The Court of Appeal referred five questions to the European Court of Justice (ECJ) - four relating to the interpretation of the Comparative Advertising Directive and one relating to the interpretation of Article 5(2) of the First Trademarks Directive (89/104/EEC), now the Trademarks Directive (2008/95/EC) (for further details please see "Legality of L'Oréal smell-alikes wafts in the direction of the ECJ").
The advocate general’s proposed answers to the questions, if adopted by the ECJ when it gives judgment later this year, would provide the following clarification to the relationship between the Comparative Advertising Directive and the infringement provisions of the First Trademarks Directive - and, in particular, to the meaning of the expression "to take unfair advantage" used in both directives:
  • If the use by the defendant of the claimant’s trademark does not affect the essential function of the trademark (ie, to provide a guarantee of the origin of goods) or any other function of the trademark (eg, communicating an aura of quality or prestige to the consumer), whether or not the use is made in a comparative advertisement, such use does not infringe the trademark under Article 5(1)(a) of the First Trademarks Directive, even if the use takes unfair advantage of the reputation of the trademark.

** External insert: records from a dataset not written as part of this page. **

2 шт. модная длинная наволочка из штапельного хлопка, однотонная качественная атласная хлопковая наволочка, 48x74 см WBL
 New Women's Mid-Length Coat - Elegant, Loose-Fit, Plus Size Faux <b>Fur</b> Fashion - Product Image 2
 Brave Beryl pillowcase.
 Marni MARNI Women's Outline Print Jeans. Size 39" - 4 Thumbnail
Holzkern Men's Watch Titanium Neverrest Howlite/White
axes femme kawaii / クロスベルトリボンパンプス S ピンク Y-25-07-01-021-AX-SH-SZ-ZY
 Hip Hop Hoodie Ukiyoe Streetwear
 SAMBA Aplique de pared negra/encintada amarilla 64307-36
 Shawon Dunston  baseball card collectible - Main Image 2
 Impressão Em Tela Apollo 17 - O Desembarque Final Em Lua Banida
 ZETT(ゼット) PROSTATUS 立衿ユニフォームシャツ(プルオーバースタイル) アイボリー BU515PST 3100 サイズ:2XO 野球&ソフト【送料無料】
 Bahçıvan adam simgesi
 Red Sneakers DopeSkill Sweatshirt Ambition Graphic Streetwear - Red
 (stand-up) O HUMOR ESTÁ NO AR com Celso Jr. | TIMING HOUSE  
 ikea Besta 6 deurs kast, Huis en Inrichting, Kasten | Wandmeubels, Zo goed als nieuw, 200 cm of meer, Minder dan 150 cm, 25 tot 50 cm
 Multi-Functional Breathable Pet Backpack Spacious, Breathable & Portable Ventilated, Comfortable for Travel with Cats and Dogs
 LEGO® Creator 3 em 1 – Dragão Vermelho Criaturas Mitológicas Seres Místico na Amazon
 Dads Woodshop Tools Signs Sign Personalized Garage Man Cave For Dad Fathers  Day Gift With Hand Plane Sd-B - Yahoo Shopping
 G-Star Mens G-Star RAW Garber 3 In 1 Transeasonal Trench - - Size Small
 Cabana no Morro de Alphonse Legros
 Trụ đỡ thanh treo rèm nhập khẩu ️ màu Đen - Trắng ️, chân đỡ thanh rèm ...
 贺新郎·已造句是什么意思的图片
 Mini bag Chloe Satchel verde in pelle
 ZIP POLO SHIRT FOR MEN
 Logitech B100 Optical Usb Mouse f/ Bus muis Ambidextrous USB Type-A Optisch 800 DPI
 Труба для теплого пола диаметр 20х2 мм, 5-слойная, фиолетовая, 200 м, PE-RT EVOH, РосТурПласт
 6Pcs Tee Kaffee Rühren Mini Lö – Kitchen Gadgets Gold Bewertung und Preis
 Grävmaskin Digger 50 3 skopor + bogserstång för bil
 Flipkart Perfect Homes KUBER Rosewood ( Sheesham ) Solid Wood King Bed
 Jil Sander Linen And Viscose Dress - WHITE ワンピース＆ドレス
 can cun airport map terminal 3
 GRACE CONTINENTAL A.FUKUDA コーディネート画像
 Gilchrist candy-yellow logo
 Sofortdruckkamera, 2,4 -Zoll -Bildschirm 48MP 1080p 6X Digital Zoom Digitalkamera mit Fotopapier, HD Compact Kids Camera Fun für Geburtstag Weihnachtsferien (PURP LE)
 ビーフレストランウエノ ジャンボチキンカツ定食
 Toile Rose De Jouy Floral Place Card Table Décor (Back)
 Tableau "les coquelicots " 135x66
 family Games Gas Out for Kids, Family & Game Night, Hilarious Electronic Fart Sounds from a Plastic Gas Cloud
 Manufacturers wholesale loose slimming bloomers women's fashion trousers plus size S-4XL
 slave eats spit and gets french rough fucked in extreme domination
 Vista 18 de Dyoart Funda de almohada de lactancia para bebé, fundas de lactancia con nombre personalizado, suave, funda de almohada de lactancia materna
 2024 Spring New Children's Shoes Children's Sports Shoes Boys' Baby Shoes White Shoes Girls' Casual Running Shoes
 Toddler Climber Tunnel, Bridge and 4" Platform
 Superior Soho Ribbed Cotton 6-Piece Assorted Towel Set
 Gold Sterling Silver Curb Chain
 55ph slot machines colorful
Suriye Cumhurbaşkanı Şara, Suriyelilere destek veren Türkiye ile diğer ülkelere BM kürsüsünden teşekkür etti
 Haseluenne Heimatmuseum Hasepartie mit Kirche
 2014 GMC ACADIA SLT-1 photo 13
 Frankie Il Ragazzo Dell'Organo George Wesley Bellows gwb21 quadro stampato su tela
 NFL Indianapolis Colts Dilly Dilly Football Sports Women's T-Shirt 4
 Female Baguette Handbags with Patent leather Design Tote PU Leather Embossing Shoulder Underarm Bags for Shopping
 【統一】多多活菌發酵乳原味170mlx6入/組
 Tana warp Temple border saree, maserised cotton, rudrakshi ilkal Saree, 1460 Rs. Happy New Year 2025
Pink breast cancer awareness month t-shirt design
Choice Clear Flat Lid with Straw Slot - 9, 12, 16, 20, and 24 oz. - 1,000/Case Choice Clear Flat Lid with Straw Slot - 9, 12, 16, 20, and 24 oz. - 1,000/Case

  • For a comparative advertisement to be permissible, it must not take unfair advantage of the trademark applied to the product which the advertiser compares to its own product. However, as it is in the very nature of a comparative advertisement for some advantage to be taken of the other party’s trademark, the national court must determine whether the advertisement is intended to cause the consumer to associate, by way of extension, the trademark’s reputation with its own product and, if so, whether the advantage taken of the reputation is unfair, having regard to all the facts of the case.
  • Similarly, to be permissible, a comparative advertisement must not present (expressly or by implication) the product of the advertiser as an imitation or replica of a product protected by another person’s trademark. This is not limited to counterfeit goods, but can also apply where the product has been produced in such a way as to imitate or reproduce the trademarked product, even where only one of the essential characteristics of that product is alluded to. However, a comparative advertisement will be permissible if it simply states that the advertiser’s product has an essential characteristic that is identical to that of the trademarked product.
  • "Taking unfair advantage" within the context of an infringement claim under Article 5(2) of the First Trademarks Directive is to be interpreted as meaning the commercial benefit derived from the association of a product with the reputation of the trademarked product as a result of the similarity between the name or get-up of the product and the trademark, where there is no due cause for the use of the similar sign. Where there is due cause, for example in a comparative advertisement, the national court must take all relevant circumstances into account in deciding whether that benefit is unfair, it being unnecessary for the trademark owner to show any harm to its trademark or its reputation, or any other damage arising from the use of the similar sign.